▸ Entries shown
------------------------------------------------------------

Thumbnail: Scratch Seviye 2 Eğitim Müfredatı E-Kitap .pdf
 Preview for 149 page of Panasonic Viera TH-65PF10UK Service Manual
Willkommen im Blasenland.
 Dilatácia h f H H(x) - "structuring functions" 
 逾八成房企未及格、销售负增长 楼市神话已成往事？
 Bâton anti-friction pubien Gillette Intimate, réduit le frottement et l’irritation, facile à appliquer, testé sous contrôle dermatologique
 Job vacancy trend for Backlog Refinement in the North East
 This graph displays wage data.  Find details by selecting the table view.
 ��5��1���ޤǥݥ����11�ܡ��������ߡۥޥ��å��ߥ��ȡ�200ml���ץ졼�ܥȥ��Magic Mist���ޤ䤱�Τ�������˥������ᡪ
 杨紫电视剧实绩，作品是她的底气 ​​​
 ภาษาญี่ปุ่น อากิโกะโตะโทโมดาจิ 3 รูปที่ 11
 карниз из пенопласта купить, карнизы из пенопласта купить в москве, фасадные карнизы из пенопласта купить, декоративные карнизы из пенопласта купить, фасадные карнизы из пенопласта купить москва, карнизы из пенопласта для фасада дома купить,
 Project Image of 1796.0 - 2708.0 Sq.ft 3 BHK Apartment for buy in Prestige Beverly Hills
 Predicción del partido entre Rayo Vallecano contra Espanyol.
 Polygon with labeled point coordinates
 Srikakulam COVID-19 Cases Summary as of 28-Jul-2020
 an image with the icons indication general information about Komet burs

------------------------------------------------------------

▸ Task description
Retype each entry exactly, missing none.

▸ Problem solution
Thumbnail: Scratch Seviye 2 Eğitim Müfredatı E-Kitap .pdf
 Preview for 149 page of Panasonic Viera TH-65PF10UK Service Manual
Willkommen im Blasenland.
 Dilatácia h f H H(x) - "structuring functions" 
 逾八成房企未及格、销售负增长 楼市神话已成往事？
 Bâton anti-friction pubien Gillette Intimate, réduit le frottement et l’irritation, facile à appliquer, testé sous contrôle dermatologique
 Job vacancy trend for Backlog Refinement in the North East
 This graph displays wage data.  Find details by selecting the table view.
 ��5��1���ޤǥݥ����11�ܡ��������ߡۥޥ��å��ߥ��ȡ�200ml���ץ졼�ܥȥ��Magic Mist���ޤ䤱�Τ�������˥������ᡪ
 杨紫电视剧实绩，作品是她的底气 ​​​
 ภาษาญี่ปุ่น อากิโกะโตะโทโมดาจิ 3 รูปที่ 11
 карниз из пенопласта купить, карнизы из пенопласта купить в москве, фасадные карнизы из пенопласта купить, декоративные карнизы из пенопласта купить, фасадные карнизы из пенопласта купить москва, карнизы из пенопласта для фасада дома купить,
 Project Image of 1796.0 - 2708.0 Sq.ft 3 BHK Apartment for buy in Prestige Beverly Hills
 Predicción del partido entre Rayo Vallecano contra Espanyol.
 Polygon with labeled point coordinates
 Srikakulam COVID-19 Cases Summary as of 28-Jul-2020
 an image with the icons indication general information about Komet burs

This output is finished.